Start of PROVIDED RECORDS
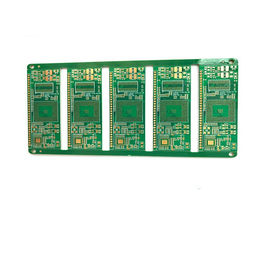Ein guter Preis. Mehrschichtige Vergolden-Oberflächenveredelungs-elektronische Leiterplatte Online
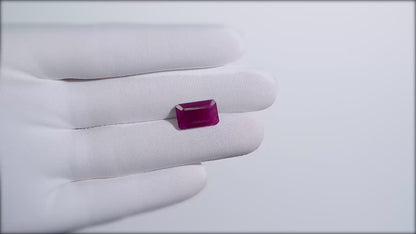 NATURAL RUBY-8.24CARAT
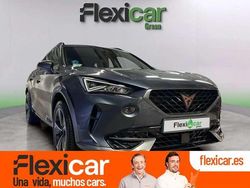 Gris Usado 2021 Cupra Formentor SUV | 23.190 € (Buen precio)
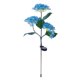 thumbnail image 2 of Soporte de pared para manguera de jardín | Almacenamiento seguro de mangueras | Uso en exteriores | Herramientas de jardinería y riego, 2 of 4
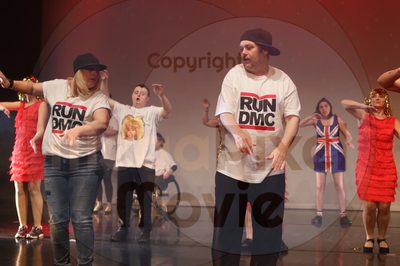 Let's Dance - Image 8652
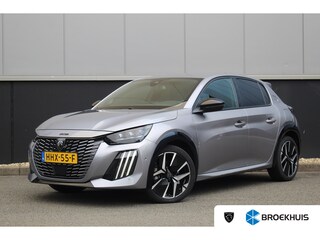 Peugeot 208 1.2 Hybrid 145 e-DCS6 GT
End of PROVIDED RECORDS
WHAT NEEDS TO BE DONE:
Because the pictures are not wanted, retype only the text of every record, exactly as given.

EXPECTED ANSWER:
Ein guter Preis. Mehrschichtige Vergolden-Oberflächenveredelungs-elektronische Leiterplatte Online
 NATURAL RUBY-8.24CARAT
 Gris Usado 2021 Cupra Formentor SUV | 23.190 € (Buen precio)
 thumbnail image 2 of Soporte de pared para manguera de jardín | Almacenamiento seguro de mangueras | Uso en exteriores | Herramientas de jardinería y riego, 2 of 4
 Let's Dance - Image 8652
 Peugeot 208 1.2 Hybrid 145 e-DCS6 GT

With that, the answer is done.